Am 21. Dezember vor 80 Jahren wurde Frank Zappa geboren. ROLLING STONE sprach 1968 mit dem Musiker über eine seiner größten Herausforderungen – mit einem Publikum zu kämpfen, das ihn anscheinend nicht verstehen will. Der 360-Grad-Rebell stand in seinem Haus im Laurel Canyon Rede und Antwort.
Glaubst du, das Publikum versteht deine Arbeit?
Letzte Woche in Salt Lake City waren wir ganz aufgekratzt. Wir hatten erstmals den Eindruck, dieses Mittelklasse-Publikum würde begreifen, worauf wir hinauswollen. Denn einige unserer Show-Elemente wurden mittlerweile von populäreren Bands übernommen, was die Hörgewohnheiten der Kids verändert hat. Sie hören diese anständigen Saubermänner im Radio und werden langsam ein bisschen toleranter.
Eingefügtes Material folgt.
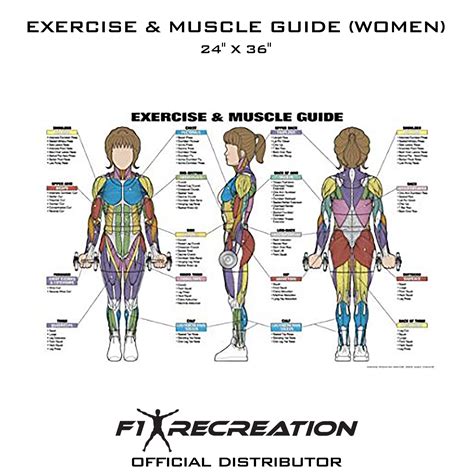 F1 Recreation Original Exercise And Muscle Guide Fitness Chart Women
Welche Elemente meinst du?
Elektronische Effekte, musikalische Spielereien. All den Lärm etwa, Takt- und Rhythmuswechsel. Weil man dazu natürlich nicht tanzen kann, hören sie jetzt einfach nur zu. Früher war das anders, das Publikum hasste uns. Es gehört ja zum tradierten Verhalten, dass Musiker dem Publikum gefallen wollen, dass sie sich nach Unmutsäußerungen entschuldigen und beim Publikum anbiedern, um wieder lieb gehabt zu werden. Wir haben das nie getan. Wir sagten den Leuten, sie sollen sich ins Knie ficken.
Nimmst du momentan neue Musik auf?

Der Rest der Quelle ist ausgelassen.